/---

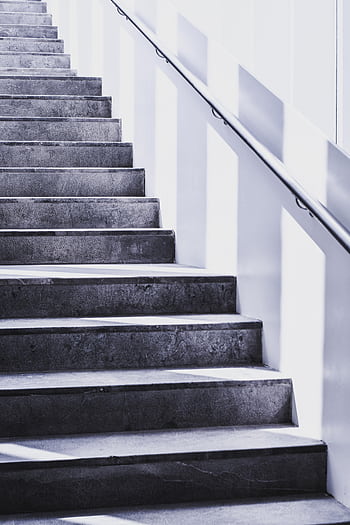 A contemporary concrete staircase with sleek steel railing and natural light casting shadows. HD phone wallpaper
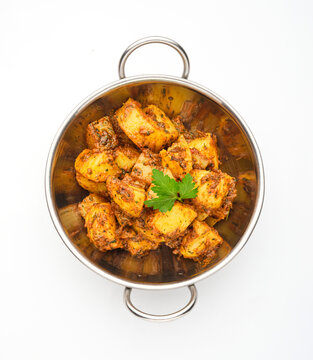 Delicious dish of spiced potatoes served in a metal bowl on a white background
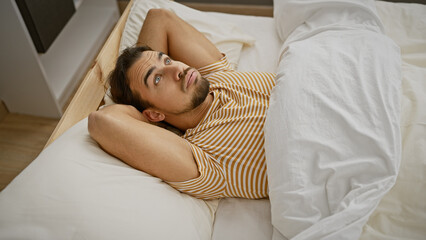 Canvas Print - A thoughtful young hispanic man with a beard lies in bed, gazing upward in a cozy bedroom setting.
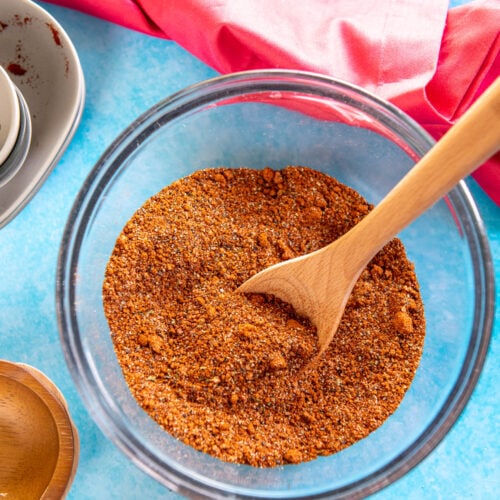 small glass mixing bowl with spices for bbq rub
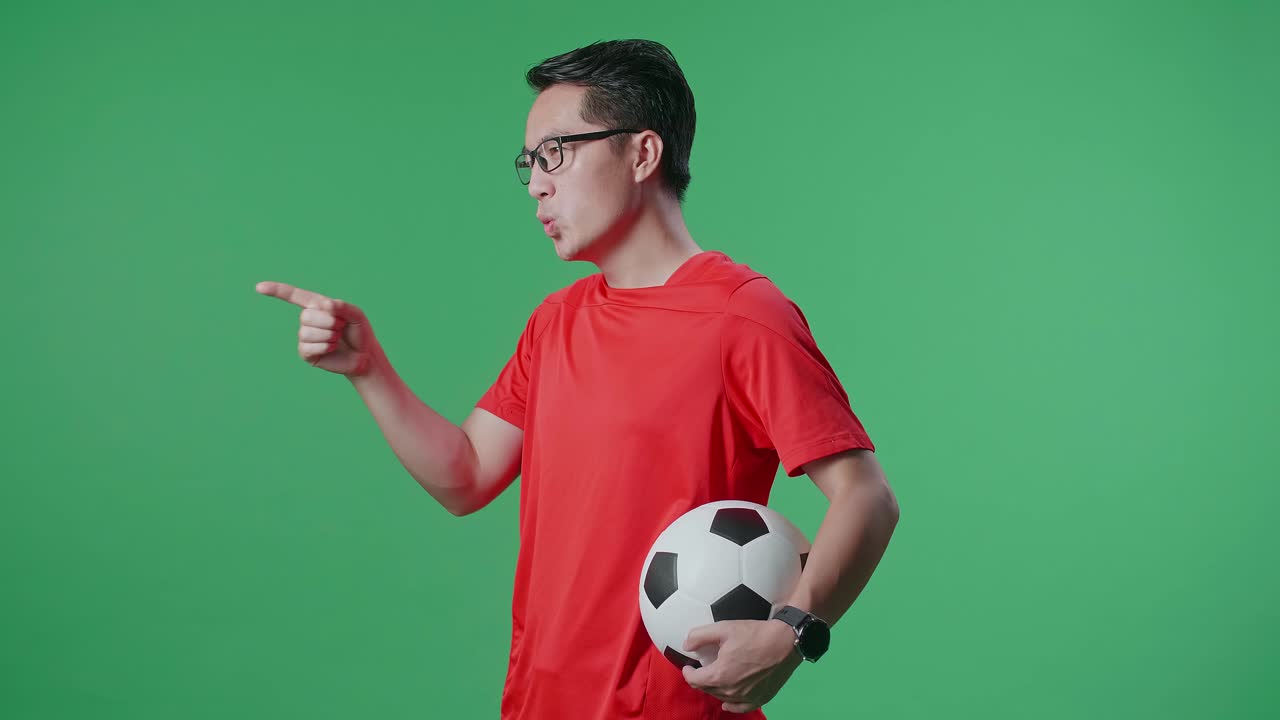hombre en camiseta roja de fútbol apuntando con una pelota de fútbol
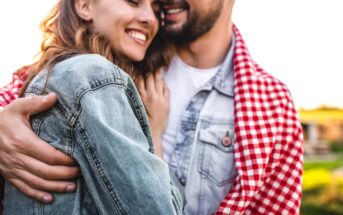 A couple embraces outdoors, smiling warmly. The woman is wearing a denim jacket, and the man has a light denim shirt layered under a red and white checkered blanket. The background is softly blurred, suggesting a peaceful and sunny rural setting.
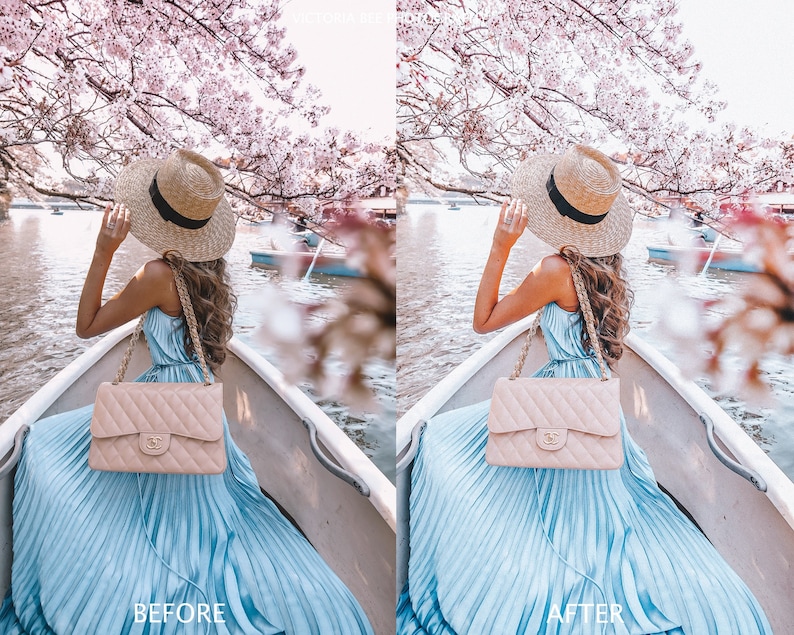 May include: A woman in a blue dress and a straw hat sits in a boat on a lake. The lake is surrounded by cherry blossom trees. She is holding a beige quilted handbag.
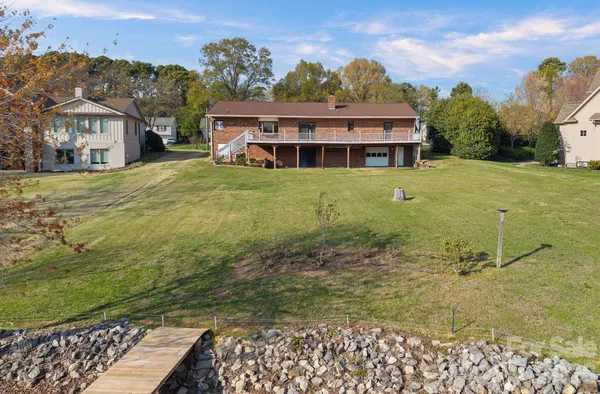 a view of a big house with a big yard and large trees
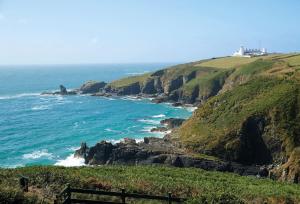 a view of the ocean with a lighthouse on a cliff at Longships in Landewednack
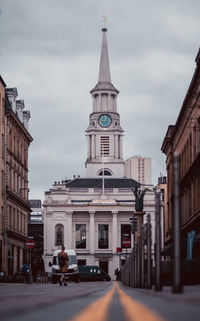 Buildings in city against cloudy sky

\---

> _TASK ITEM_:
Within the listing above, the lines from the one with "Canvas Print - A" through the one with "hombre en camiseta" are to be given again word for word. Do not include pictures.

> _OUTPUT_:
 Canvas Print - A thoughtful young hispanic man with a beard lies in bed, gazing upward in a cozy bedroom setting.
 small glass mixing bowl with spices for bbq rub
hombre en camiseta roja de fútbol apuntando con una pelota de fútbol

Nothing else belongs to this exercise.